Esas fiestas de Samain tenían por objeto ritualizar el momento en que el mundo de los vivos se encontraba con el de los muertos. Fue una fiesta pagana hasta el año 835, cuando la Iglesia transfirió el día de Todos los Santos desde el 13 de mayo al 1 de noviembre; el día de Difuntos no fue transferido al 2 de noviembre hasta 988. Roma superpuso así las fiestas de la religión cristiana a las de la religión pagana, en un género de sincretismo muy frecuente y que explica por qué el catolicismo -el de antes- es más una religión europea que una fe próximo-oriental.
De lo sagrado a lo banal
El hecho es que tanto antes como después de la cristianización, las fiestas de Todos los Santos y de Difuntos tenían una función muy concreta: honrar a los muertos. Para ello era costumbre encender hogueras sobre las colinas; en esas hogueras se quemaba simbólicamente el mal (a veces, en tiempos ya lejanos, no sólo simbólicamente) y se invocaba la protección de los antepasados, que no eran imaginados como seres terroríficos que salían de sus tumbas, sino como espíritus familiares dispuestos a ayudar a los vivos. Todavía en tiempos de la reina Victoria se encendía una gran hoguera frente a Balmoral.

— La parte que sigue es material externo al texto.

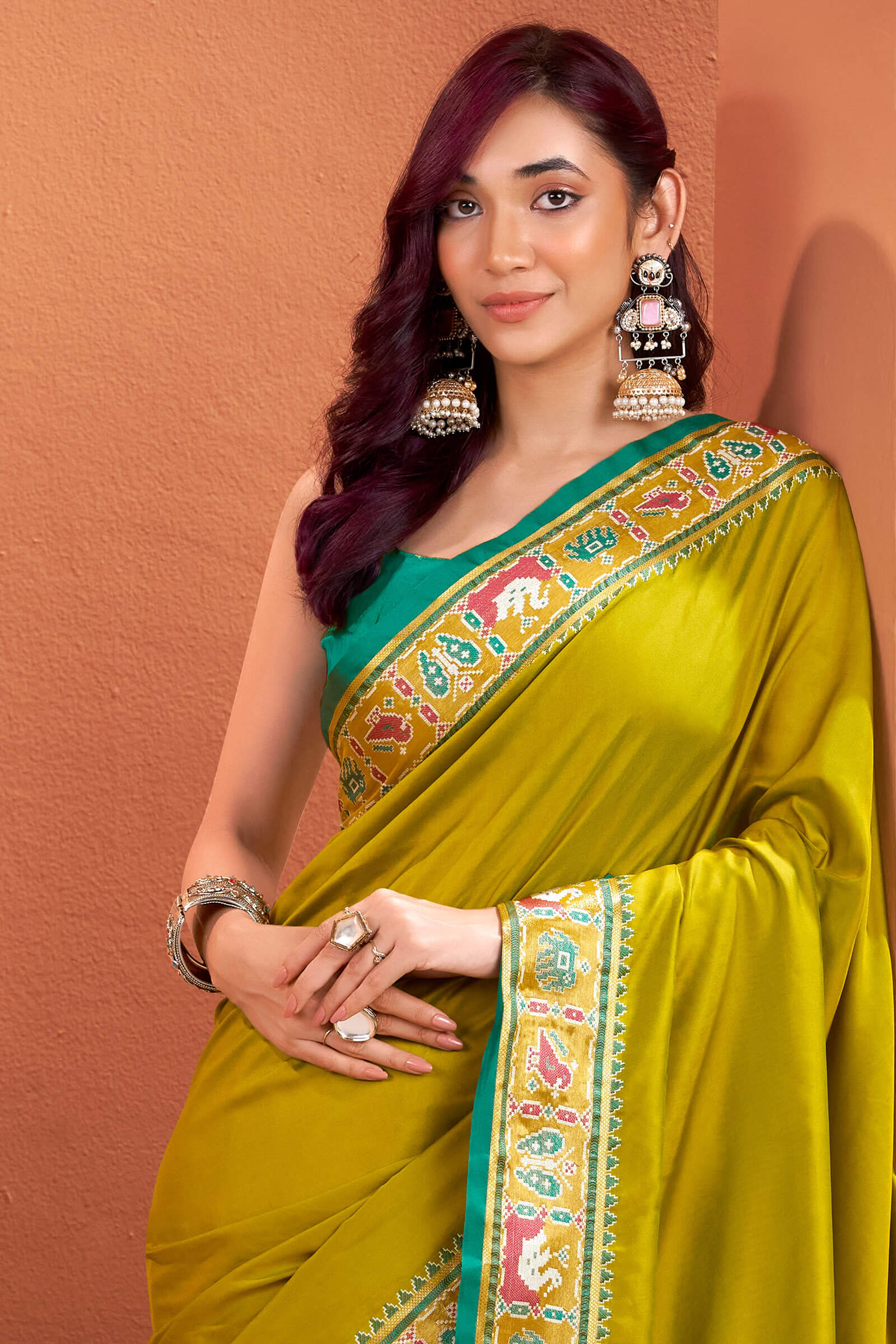 Designer Mustard Patola Silk Saree with Entrancing Blouse Piece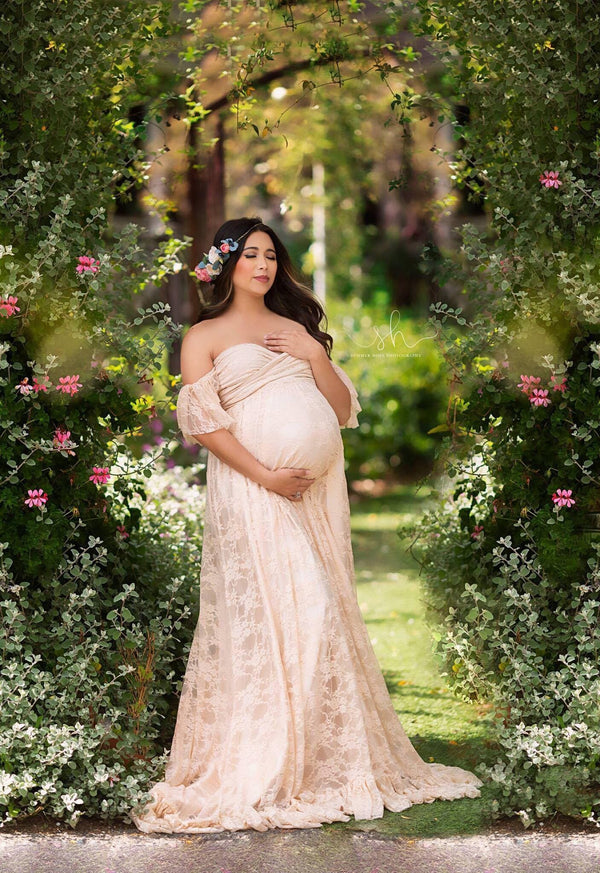 Beautiful pregnant woman wearing the adelia skirt for coverage under another Sew Trendy gown, standing in a garden.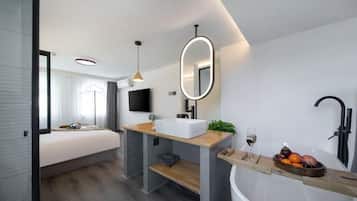 A modern hotel room with a large bed, a wooden vanity, a bathtub, and a small seating area.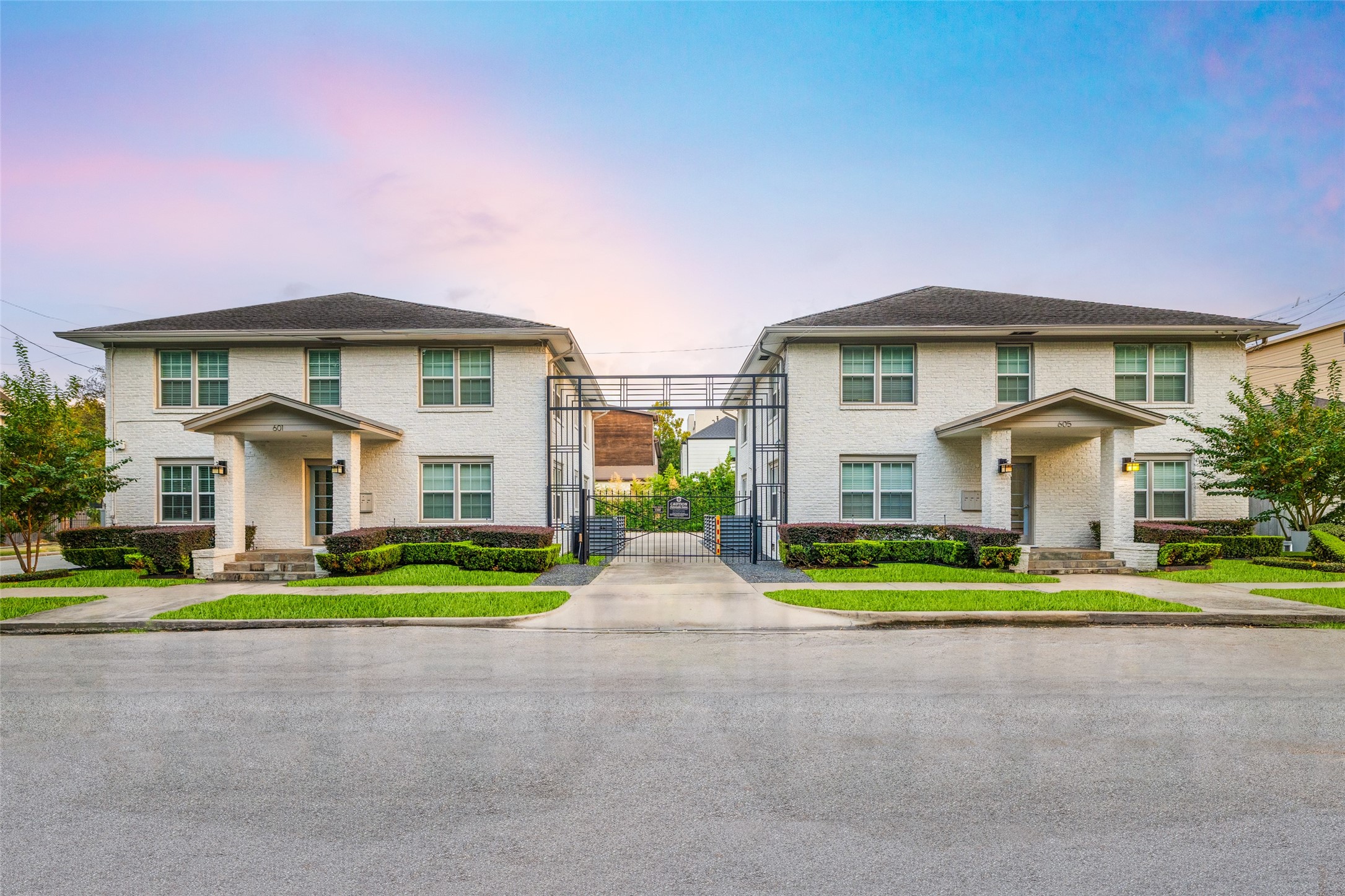 a front view of a house with a yard and trees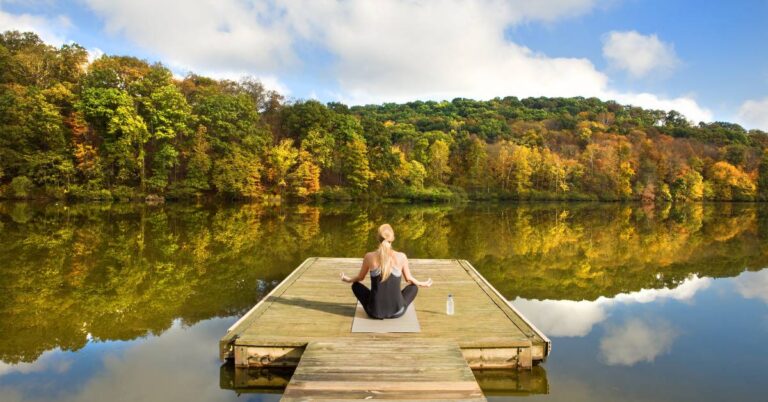 Person practicing mindfulness outdoors, sitting peacefully in nature to stay calm and balanced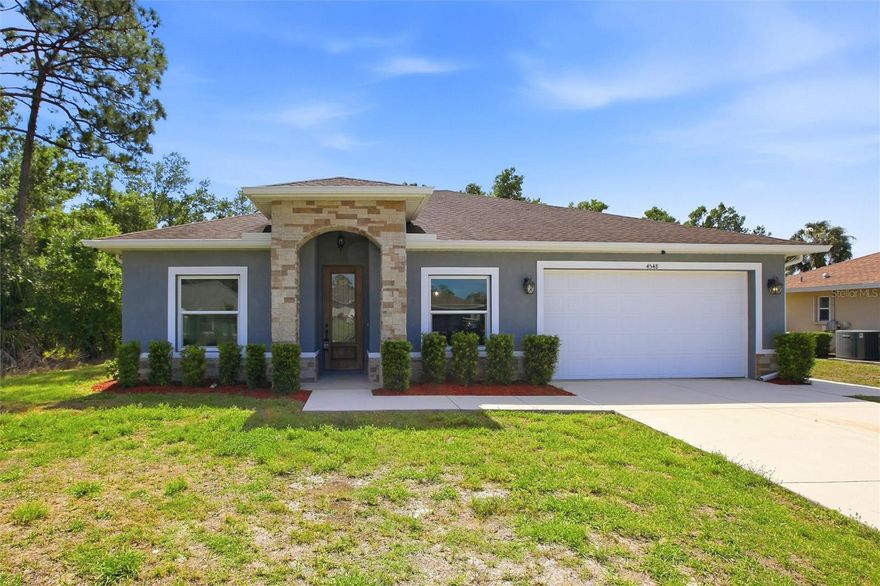 Welcome to this 2018 custom built home offering 1,785 square feet of thoughtfully designed living space in the heart of North Port, set on a quiet street and ideal for everyday comfort and easy entertaining. The split floor plan provides both privacy and functionality, with luxury vinyl plank flooring throughout the main living areas and tray ceilings adding depth to the space. Hurricane impact windows and sliding glass doors are installed throughout, with the exception of the front entry door. The layout opens from a formal living and dining area into the main living space, where the kitchen and family room connect seamlessly. The kitchen features espresso shaker style wood cabinetry with crown molding, Carrara style quartz countertops, a classic subway tile backsplash, and a full Maytag stainless steel appliance package, along with an undermount sink, recessed lighting, and pantry storage. Extending from the main living area, sliding glass doors open to an additional enclosed space ideal for use as a Florida room, bonus room, or flexible entertaining area, which then leads out to the rear patio. The primary suite is privately positioned and includes a spacious layout with tall, elongated windows that bring in natural light while maintaining privacy, along with a walk in closet with built in organization and an en suite bathroom featuring dual vanities with quartz countertops, framed mirrors, updated lighting, and a frameless glass walk in shower with black hardware, large format tile, and built in shelving. Two additional bedrooms share a full bathroom with coordinating finishes. A laundry room with utility sink and garage access adds convenience. The backyard offers space for outdoor seating or a future pool while remaining easy to maintain. Located with easy access to I 75, this home is within a short drive to Manasota Key, Venice Beach, and Englewood Beach, as well as shopping, dining, and nearby airports. The home is serviced by a private well and septic system, with the septic system properly maintained and pumped and the HVAC system regularly serviced, offering added confidence in the overall upkeep of the property. **PLEASE ENJOY THE 3D INTERACTIVE VIRTUAL TOUR ASSOCIATED WITH THIS LISTING**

La superstición de los fantasmas vinculada a estas fiestas es más bien tardía y proviene de una vulgarización del sentido original del rito. Lo esencial en esta fiesta no era el miedo que da el muerto viviente, sino la fuerza que nos proporciona la comunicación con el reino de la muerte. La fiesta tradicional no conjuraba a los muertos como una potencia negativa –ni en el Samain ni, después, en el Día de Difuntos-, sino que reintroducía a los muertos en la comunidad. En ese sentido, la costumbre española de representar Don Juan es fiel al verdadero espíritu de la fiesta. Más fiel, sin duda alguna, que todas estas imitaciones del Halloween americano, donde el muerto ya no es un socio, sino un enemigo. En esa diferencia reside toda la cuestión.

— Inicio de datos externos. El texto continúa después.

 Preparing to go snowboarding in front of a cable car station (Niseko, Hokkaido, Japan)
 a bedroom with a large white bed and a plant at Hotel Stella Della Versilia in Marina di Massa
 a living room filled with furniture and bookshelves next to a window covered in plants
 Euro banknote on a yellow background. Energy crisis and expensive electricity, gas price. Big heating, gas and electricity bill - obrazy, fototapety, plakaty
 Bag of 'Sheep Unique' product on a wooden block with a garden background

Lo que hoy celebra a nuestro alrededor toda esa gente disfrazada de monstruo cómico no tiene nada que ver ni con el Día de Difuntos cristiano ni con su precedente pagano. Es una pura parodia comercial, banalizada, frivolizada, que en el fondo oculta un enorme trastorno de nuestra cultura: ya hemos dejado de saber vivir junto a nuestros muertos.
Pero toda cultura, como recordaba Jünger, se construye sobre el culto a los muertos. Cuando estos son vistos como algo repulsivo o grotesco, es que una cultura ha llegado a su etapa terminal. ¿Queréis salvarla? Honrad a vuestros muertos, despreciad Halloween.